Der Gefahrenkontrollprozess

Der Gefahrenkontrollprozess wird dann aktiviert, wenn Benutzer eine Bedrohung als hoch einschätzen – beispielsweise das Stehlen von Passwörtern durch Phishing Mails – und sie davon überzeugt sind, genau zu wissen, was zu tun ist, um diese Bedrohung abzuwenden. In diesem Fall sind die Reaktionen der Person in der Regel adaptiv. Heisst: Die Nutzer sind motiviert, die Gefahr zu kontrollieren und zu minimieren. Beim Beispiel von Phishing Mails werden Nutzer motiviert sein, alle Sicherheitshinweise im E-Mail-Verkehr gemäss der gängigen Anweisungen zu befolgen.

Der Angstkontrollprozess

Der Angstkontrollprozess tritt ein, wenn eine Person eine Bedrohung als hoch wahrnimmt, jedoch glaubt, dass es keine wirksamen Massnahmen gibt, um die Bedrohung zu bewältigen. Dann zielen Reaktionen der Nutzer mehr darauf ab, die eigene Angst oder Unsicherheit zu managen statt der tatsächlichen Bedrohung. Menschen reagieren dann mit Vermeidung, Verleugnung oder übersteigerter Besorgnis, anstatt effektiv zu handeln. Massnahmen werden als unwirksam bewertet, wenn das Einhalten von Regeln der Cybersecurity zu komplex ist oder sogar mehrere, teilweise widersprüchliche Regeln gleichzeitig berücksichtigt werden müssen.

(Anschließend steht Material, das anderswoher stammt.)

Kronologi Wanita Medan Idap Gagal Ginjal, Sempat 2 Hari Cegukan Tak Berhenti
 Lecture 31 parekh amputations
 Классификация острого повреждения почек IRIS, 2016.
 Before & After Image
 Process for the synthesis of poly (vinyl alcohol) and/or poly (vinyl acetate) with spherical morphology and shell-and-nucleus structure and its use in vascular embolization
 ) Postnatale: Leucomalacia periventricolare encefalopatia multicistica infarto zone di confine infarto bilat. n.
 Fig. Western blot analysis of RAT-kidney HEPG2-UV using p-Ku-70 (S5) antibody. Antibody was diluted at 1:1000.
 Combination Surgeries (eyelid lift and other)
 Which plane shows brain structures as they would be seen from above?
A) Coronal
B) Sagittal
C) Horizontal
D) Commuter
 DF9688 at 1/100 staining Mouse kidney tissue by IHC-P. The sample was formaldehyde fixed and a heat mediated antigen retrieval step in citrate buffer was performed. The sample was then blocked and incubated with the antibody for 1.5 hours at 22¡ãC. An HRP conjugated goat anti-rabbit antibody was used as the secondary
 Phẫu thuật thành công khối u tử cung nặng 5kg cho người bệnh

Im Kontext der Cybersecurity heisst das, dass in Schulungen darauf geachtet werden muss, effektive Interventionsstrategien zu entwickeln, die darauf abzielen, adaptive Reaktionen zu fördern und maladaptive Reaktionen der Nutzer zu reduzieren. Doch leider zeigt sich auch hier wieder: Menschen sind keine Maschinen und verhalten sich im Netz (wie auch im wahren Leben) ambivalent, komplex und teilweise unberechenbar.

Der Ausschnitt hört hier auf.